### WHAT YOU WILL DO
Write out exactly the lines below starting at the one containing "So friends, that's" and ending at the one containing "The really cool". Omit every picture.
--- MATERIAL SUPPLIED Enclosed Below ---
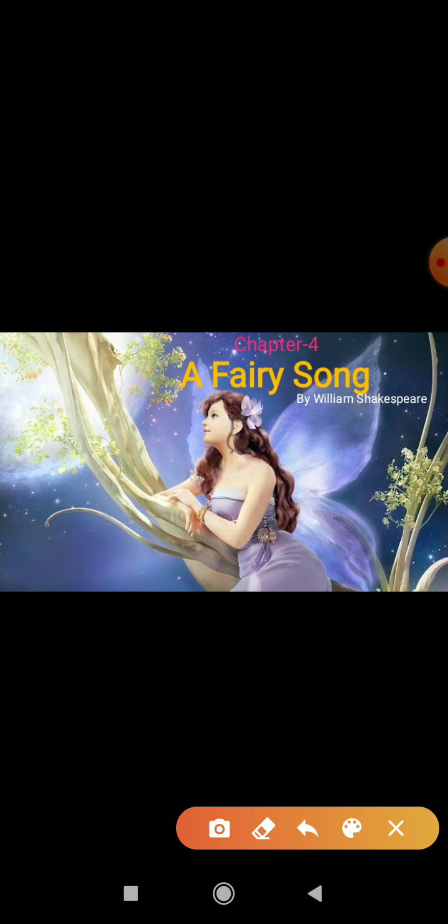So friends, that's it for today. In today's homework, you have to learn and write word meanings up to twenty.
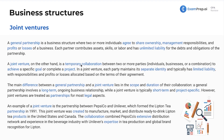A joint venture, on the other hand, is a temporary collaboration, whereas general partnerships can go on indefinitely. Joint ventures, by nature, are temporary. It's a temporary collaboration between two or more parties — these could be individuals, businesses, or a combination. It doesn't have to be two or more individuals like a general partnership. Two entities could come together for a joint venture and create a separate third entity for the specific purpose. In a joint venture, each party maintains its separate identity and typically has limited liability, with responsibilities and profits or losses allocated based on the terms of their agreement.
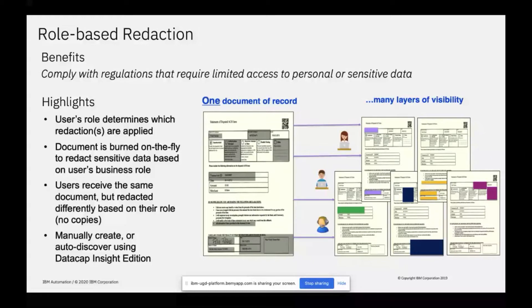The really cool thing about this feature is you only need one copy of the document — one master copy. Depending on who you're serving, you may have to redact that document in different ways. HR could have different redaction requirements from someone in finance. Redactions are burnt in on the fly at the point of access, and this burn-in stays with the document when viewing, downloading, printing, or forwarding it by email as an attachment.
--- End of Enclosed MATERIAL SUPPLIED ---
--- MATERIAL SUPPLIED Enclosed Below ---
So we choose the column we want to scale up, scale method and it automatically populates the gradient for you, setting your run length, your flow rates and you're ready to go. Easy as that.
--- End of Enclosed MATERIAL SUPPLIED ---
--- MATERIAL SUPPLIED Enclosed Below ---
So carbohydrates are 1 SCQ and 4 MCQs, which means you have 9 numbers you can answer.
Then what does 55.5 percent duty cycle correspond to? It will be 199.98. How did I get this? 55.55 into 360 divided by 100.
--- End of Enclosed MATERIAL SUPPLIED ---
### REPLY TO THE EXERCISE
So friends, that's it for today. In today's homework, you have to learn and write word meanings up to twenty.
A joint venture, on the other hand, is a temporary collaboration, whereas general partnerships can go on indefinitely. Joint ventures, by nature, are temporary. It's a temporary collaboration between two or more parties — these could be individuals, businesses, or a combination. It doesn't have to be two or more individuals like a general partnership. Two entities could come together for a joint venture and create a separate third entity for the specific purpose. In a joint venture, each party maintains its separate identity and typically has limited liability, with responsibilities and profits or losses allocated based on the terms of their agreement.
The really cool thing about this feature is you only need one copy of the document — one master copy. Depending on who you're serving, you may have to redact that document in different ways. HR could have different redaction requirements from someone in finance. Redactions are burnt in on the fly at the point of access, and this burn-in stays with the document when viewing, downloading, printing, or forwarding it by email as an attachment.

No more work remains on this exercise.